* [Task goal]:
Your answer should hold the data exactly as given, minus any picture.

#### Collected material ####

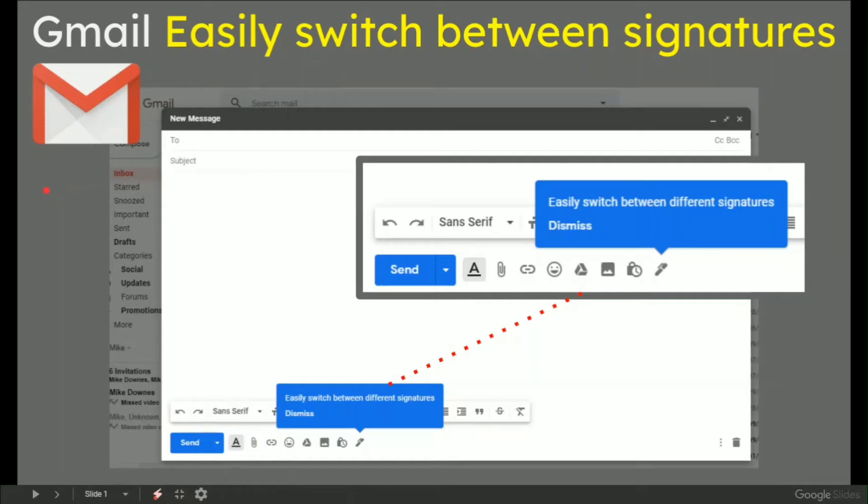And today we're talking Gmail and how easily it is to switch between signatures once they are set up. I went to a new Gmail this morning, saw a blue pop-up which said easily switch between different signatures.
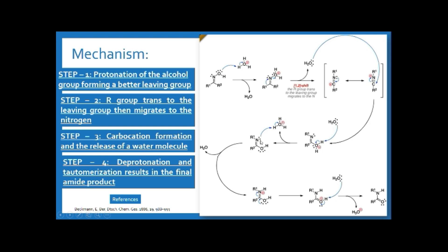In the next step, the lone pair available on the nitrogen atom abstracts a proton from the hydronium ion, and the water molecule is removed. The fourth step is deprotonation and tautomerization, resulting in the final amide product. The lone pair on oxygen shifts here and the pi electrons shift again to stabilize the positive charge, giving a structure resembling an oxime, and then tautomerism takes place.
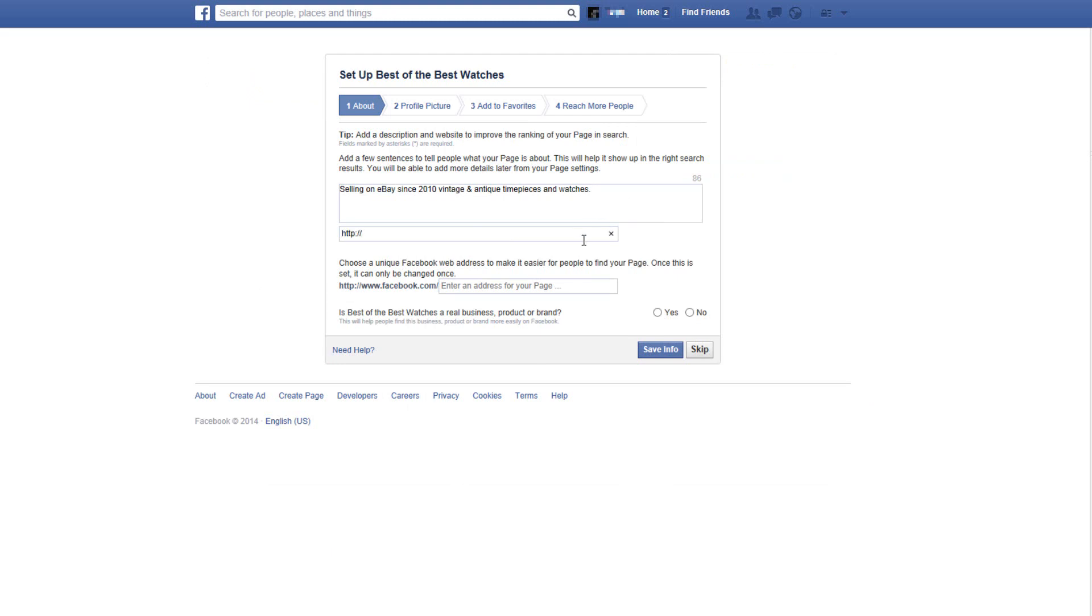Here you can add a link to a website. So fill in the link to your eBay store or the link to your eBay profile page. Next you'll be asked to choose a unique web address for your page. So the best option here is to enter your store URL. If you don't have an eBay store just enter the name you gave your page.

####

* [Task result]:
And today we're talking Gmail and how easily it is to switch between signatures once they are set up. I went to a new Gmail this morning, saw a blue pop-up which said easily switch between different signatures.
In the next step, the lone pair available on the nitrogen atom abstracts a proton from the hydronium ion, and the water molecule is removed. The fourth step is deprotonation and tautomerization, resulting in the final amide product. The lone pair on oxygen shifts here and the pi electrons shift again to stabilize the positive charge, giving a structure resembling an oxime, and then tautomerism takes place.
Here you can add a link to a website. So fill in the link to your eBay store or the link to your eBay profile page. Next you'll be asked to choose a unique web address for your page. So the best option here is to enter your store URL. If you don't have an eBay store just enter the name you gave your page.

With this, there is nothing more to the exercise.